Data shown:
[Start of section]

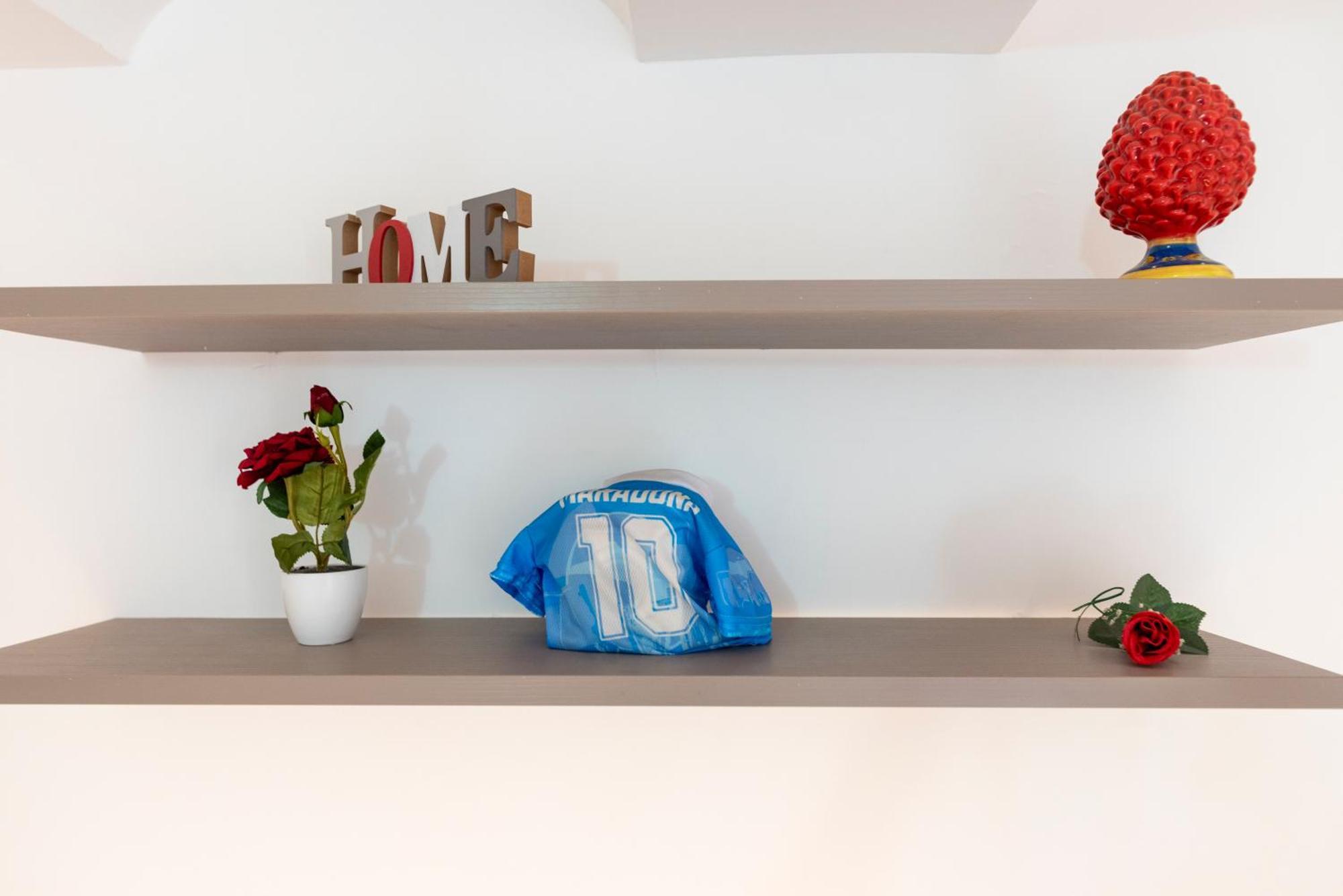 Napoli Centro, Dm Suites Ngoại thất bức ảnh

[End of section]
[Start of section]

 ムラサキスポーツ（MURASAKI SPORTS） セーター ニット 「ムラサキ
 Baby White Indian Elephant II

[End of section]
[Start of section]

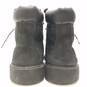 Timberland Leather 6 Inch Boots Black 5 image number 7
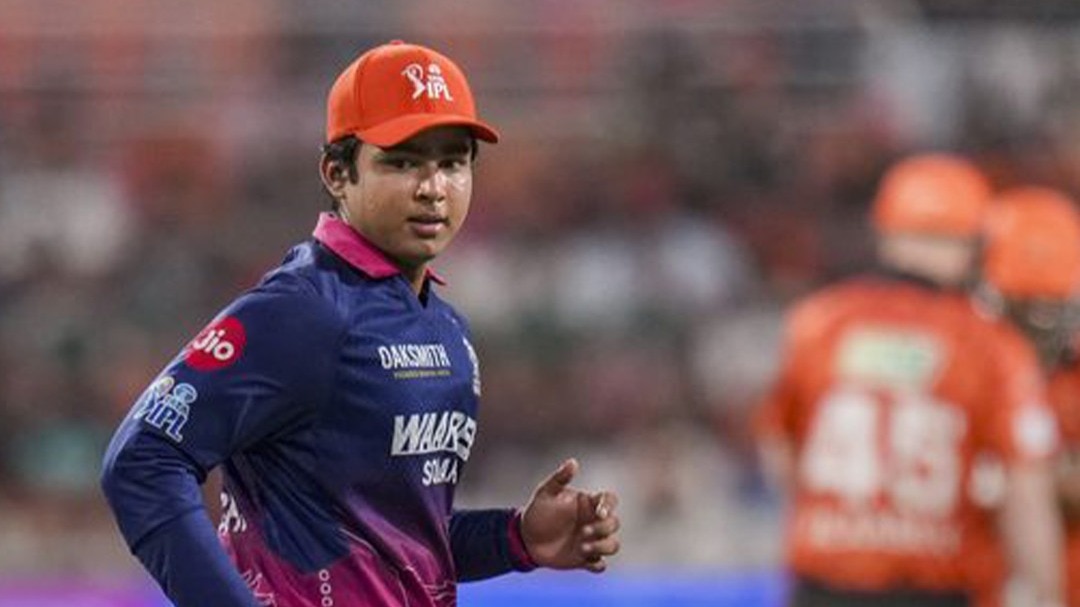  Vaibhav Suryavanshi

[End of section]

Exercise directions:
Could you write out exactly the lines of the data above that run from the one holding "Timberland Leather 6" to the one holding "Vaibhav Suryavanshi", with both ends in and all pictures out?

Answer to this task:
 Timberland Leather 6 Inch Boots Black 5 image number 7
  Vaibhav Suryavanshi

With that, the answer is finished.